The rule laid down in this case then, must govern it now, and under the decision before referred to, the original debt to the company is now barred, notwithstanding this suit. The handing over of this note, on the day the suit was brought, was an admission of the indebtedness at the time; suit could have then been commenced on such admission, or promise, but the plea avers, that since then six years have elapsed, and that the statute bar is perfected; and the only question is, if the note sued on was handed over as collateral security merely, can it be recovered after the original debt is barred by the statute ? If the suit had been brought by Russell on his own account, as he had the right to do, could he now recover ? He has paid nothing, and the debt on which he is security, is now barred by the statute; can he now revive the debt so as to bind the principal ? This question is settled in this court, in the case of Lowther v. Chappell, 8 Ala. Rep. 356. If he could not revive the original debt by a new promise, and is now protected by the statute, which he cannot waive, as to the defendants, he could not recover on this collateral security. If, then, the suit had been brought by Russell on his own account, the bar to the debt, on which he is security, would defeat his recovery in this suit.

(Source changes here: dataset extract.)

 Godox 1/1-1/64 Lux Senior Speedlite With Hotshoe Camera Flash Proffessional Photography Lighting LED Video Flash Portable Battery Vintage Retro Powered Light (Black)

Does the plaintiff stand in a better condition, having handed it over to the company, merely as collateral security ? The company holds the note, in the same plight and condition that Russell held it, and cannot recover, if Russell could *152not. See Bank of Mobile v. Hall, et al. 6 Ala. Rep. The court therefore did not err, in sustaining the demurrer to the fourth replication.

I at first was inclined to think, that the company held it in a different, or a better right than Russell did, although Russell handed it over as collateral security merely; but on reflection, we are satisfied, that their rights are equal, and no more, to the rights of Russell. They gave up nothing for it; they did not even promise to indulge Russell, in consideration of the transfer to them.

But the fifth replication avers, that the note was handed over to the company, in payment and discharge of the note held by the company, and the demurrer to this replication was sustained. This was clearly erroneous. The note sued on was given as a protection to Russell; he had a right to use it for that purpose, and if he handed it over to the Company in extinguishment of the liability he had incurred, as the security of La Roque, it then answered the purpose for which it was intended, and he had the right so to use it. For this error, the judgment must be reversed, unless it appear, that the error worked no prejudice to the plaintiff.

The evidence is not set out on the record, and we do not know what it was, nor what proof the plaintiff could, or would have introduced, if the defendant had been compelled to take issue on this replication. We cannot therefore say that he has suffered no injury by the error; and with the view of ending the litigation in this cause, we will lay down three rules, by which this suit should be tried.

1. If the note sued on, was handed over to the company, or its agent, as collateral security merely, for the debt on which Russell was liable, the note cannot be recovered, if the original debt is barred by the statute.

2. But if the note was handed over, in extinguishment or payment of the debt on which Russell was security, then the plaintiff ought to recover.

3. The original debt is barred by the statute of six years, from the time this note was handed over, unless there was an express agreement between Russell and the company, that he should not be sued, during the pendency of this suit.

If the issue shall be finally found for the defendant on the *153plea puis darrein continuance, the plaintiff will recover cost up to the time of filing that plea, and the defendant will recover his cost subsequently accruing.

Let the judgment be reversed, and the cause remanded.